Input ->
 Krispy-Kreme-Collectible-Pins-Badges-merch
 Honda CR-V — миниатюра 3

* * *

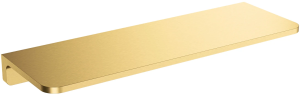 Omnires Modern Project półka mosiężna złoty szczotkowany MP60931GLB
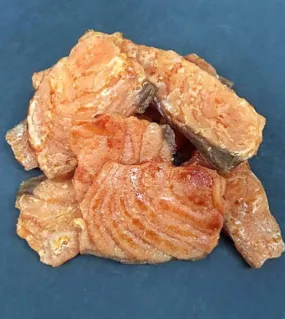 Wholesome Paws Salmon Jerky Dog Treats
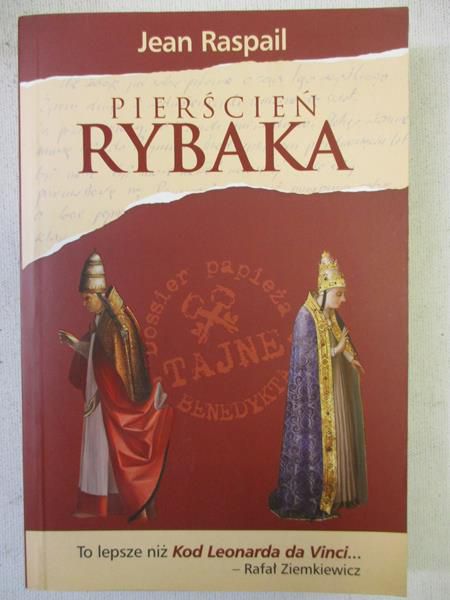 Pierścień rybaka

Work required -> Take the stretch of lines above from the one containing "Krispy-Kreme-Collectible-Pins-Badges-merch" through the one containing "Honda CR-V — миниатюра 3" and repeat it exactly, adding no other line.

Solution below ->
 Krispy-Kreme-Collectible-Pins-Badges-merch
 Honda CR-V — миниатюра 3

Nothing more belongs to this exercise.